Gregory Barker: The Minister bases his case on procedures and mechanisms in the machinery of government, but does it not boil down simply to political clout? He has made a comparison with the Chancellor of the Exchequer, but the Chancellor lives at No. 11 Downing street, immediately adjacent to the Prime Minister, and occupies a great and historic office of state that sits at the very top of Cabinet precedent. With respect, unless the Environment, Food and Rural Affairs Secretary has a unique personal relationship with the Prime Minister, they will not have that standing in government. We know that, because that position is usually somewhere in the middle or right at the bottom of the list of Cabinet appointments. It is simply not living in the real world to compare the punch and political authority of the Environment, Food and Rural Affairs Secretary with that of the Chancellor of the Exchequer, let alone the Prime Minister.

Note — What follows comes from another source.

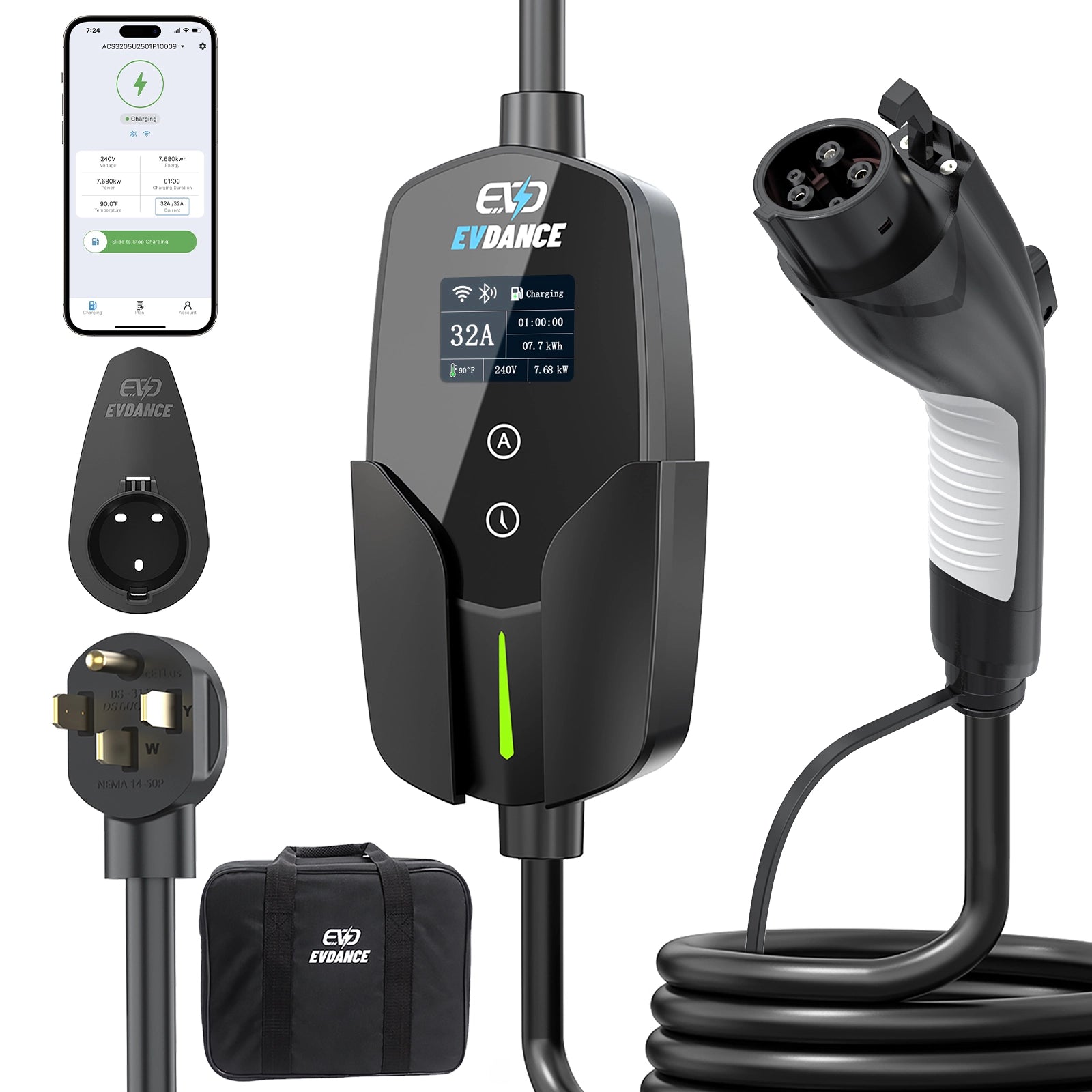 EVDANCE Level 2 NEMA 14-50 32A J1772 Portable EV Charger | ETL Certification
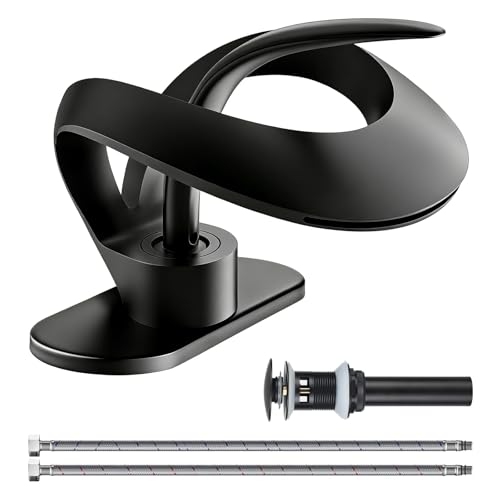AUU Waterfall Matte Black Vanity Sink Faucet Solid Brass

Mr. Woolas: I do not accept that that reflects an understanding of how government works. First, policies need to be cleared across government. Secondly, the introduction of carbon budgets greatly enhances the importance of the policy decisions that flow from them. If the hon. Gentleman accepts that—I think that he does, because he has said so—I am grateful to him for his view. The hon. Member for Banbury has also referred specifically to that point, and he must also accept that the machinery of government has to be able to cope. Just as finance decisions are addressed across Departments and the ring is held by the Treasury, so carbon budgets must be spread across government and the ring must be held by both the Treasury and DEFRA. We are not arguing about that. We are arguing whether the Prime Minister should be mentioned in the Bill, but the very nature of our system of government is that Ministers are accountable to the Prime Minister, which is implicit.
Steve Webb: Does not the analogy with the Chancellor break down, because the Chancellor has one thing that the Environment, Food and Rural Affairs Secretary does not have? The Chancellor raises money and allocates it to Departments, whereas the Environment Secretary does not have a pot of carbon to hand out between Departments and simply has to hit a target. If the Department for Transport or another Department were to say, “No; we want a bigger share of the carbon budget,” the Environment, Food and Rural Affairs Secretary would not have the clout to arbitrate and would have to go through the Prime Minister, which is why the Prime Minister should be accountable.
Mr. Woolas: We are all accountable to the Prime Minister for everything. We are appointed by the Prime Minister and we are sacked by the Prime Minister. That is the way in which we run this Government. The Committee on Climate Change advises the Environment, Food and Rural Affairs Secretary, and in that analogy they have a carbon pot.
We are approaching lunch time, so I commend Government amendments Nos. 4 and 5 to the Committee and urge it to resist amendments Nos. 33, 76, 77 and 85.
Question put, that the amendment be made:—
The Committee divided: Ayes 11, Noes 8.